Yo,
I'm in the unfortunate position of having built many orchestrations
like this, around Chef, many of them in private organziations not to
be open sourced.
Many of them scoffed at by underwhelmed CxO who have spent too much
time reading the Wikipedia definition of Orchestration or having
"process" or "workflow" managers force-fed to them by VCs and Big
Enterprise. ()
WOT:
On 29 January 2011 09:26, Chris Walters cw@opscode.com wrote:
Ohai Chefs!
We're in the preliminary stages of designing possible solutions for
orchestration and would like to understand the community's
requirements.
I'm going to write down my thoughts and questions. Nothing is gospel,
so please feel free to comment on everything, including the framing.
Background:
Chef, as currently conceived, does a great job of exposing a model for
how to get a system from either an embryonic state or a slightly
misconfigured state to the desired state, mainly via the mechanism of
resource idempotence.
What I think is not yet well-modeled is how to go from one
well-configured state to a completely different well-configued
state. It also doesn't yet model synchronization of actions across
multiple boxes in that there isn't a first-class way to gate actions
that are dependent on the completion of steps on other servers. For
example, a complex migration or deployment might require bringing
boxes up or down, copying data, cleanly removing artifacts or services
installed by previous chef runs, not restarting load balancers until
some quorum of webservers have re-started, etc.

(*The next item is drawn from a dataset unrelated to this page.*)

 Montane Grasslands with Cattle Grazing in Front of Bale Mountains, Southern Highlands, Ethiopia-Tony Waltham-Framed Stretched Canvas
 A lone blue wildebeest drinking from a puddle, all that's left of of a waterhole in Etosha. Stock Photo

We'd like to collect the use cases, requirements, and thoughts that
best serve the community.
It would be great to have something built in for Chef, and that is the
road I had been walking with Pylon, a gem for chef that has a DCell
substrate running in the background; then you get actors and
messaging, and you can just build shit.
Obviously this approach doesn't work for most people because you have
to ship code, moderately complex, etc.. but it's what I've been
wanting to build to solve this.
- What do you think the scope of orchestration is and is not?
I didn't read or write any books on this shit, so yeah, ymmv:
when I have built to solve orchestration, our primary use case is
generally a directory service; the ability for a recipe to register a
service (with all of the parameters required to connect to the
service) in the directory. It's also the other half of that, client
recipes who need to use those components. they should either error and
relaunch with a fresh state, or block [if you like]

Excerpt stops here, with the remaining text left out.